What the hell is t-SNE?

The other day I presented a t-SNE plot to a software engineer. “But what is it”, I was asked. Good question, I thought to myself.

Introduction

t-distributed Stochastic Neighbor Embedding (t-SNE) is a technique of dimensionality reduction. Data that has more than 3 dimensions is extremely common but is impossible to visualise. t-SNE is often used to reduce the data to 2 or 3 dimensions to produce beautiful plots like this:

tsne-mnist

Above t-SNE was used to visualise MNIST dataset which consists of single digits like this:

MnistExamples

As we can see t-SNE correctly detected structure in the data and clustered points correspondingly. But how?

Watch me build something like t-SNE from scratch

I am not intending to re-build the entire algorithm here. Firstly, it’s been done by before by another blogger who loves this shit. Secondly, I found sklearn’s implementation self-explanatory for a motivated reader. I’d like to explain t-SNE for someone who is not that motivated. So let’s build something like t-SNE but not quite.

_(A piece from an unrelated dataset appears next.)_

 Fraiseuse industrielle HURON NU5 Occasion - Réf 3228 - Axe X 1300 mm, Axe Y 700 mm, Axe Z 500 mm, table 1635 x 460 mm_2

First, for each pair of points, \( i, j \), in our dataset, convert the Euclidian distance between them into a conditional Gaussian probability. This means for each sample we concentrate most of the mass on its nearest neighbours.

\[p_{j|i} = \frac{\exp \left ( - || x_i - x_j || ^2 \right ) }{\sum_{k \neq i} \exp \left ( - || x_i - x_k || ^2 \right )} \hspace{2em} (1)\]

For example, let’s start with generating 7 random points in 2 dimensions. This is our data. In practice the data is typically multidimensional, but it’s better to illustrate the intuition behind t-SNE using this simple example.

CODE

import numpy as np
import seaborn as sns

seed = 5
np.random.seed(seed)
points = np.random.uniform(low=-3, high=3, size=(7, 2))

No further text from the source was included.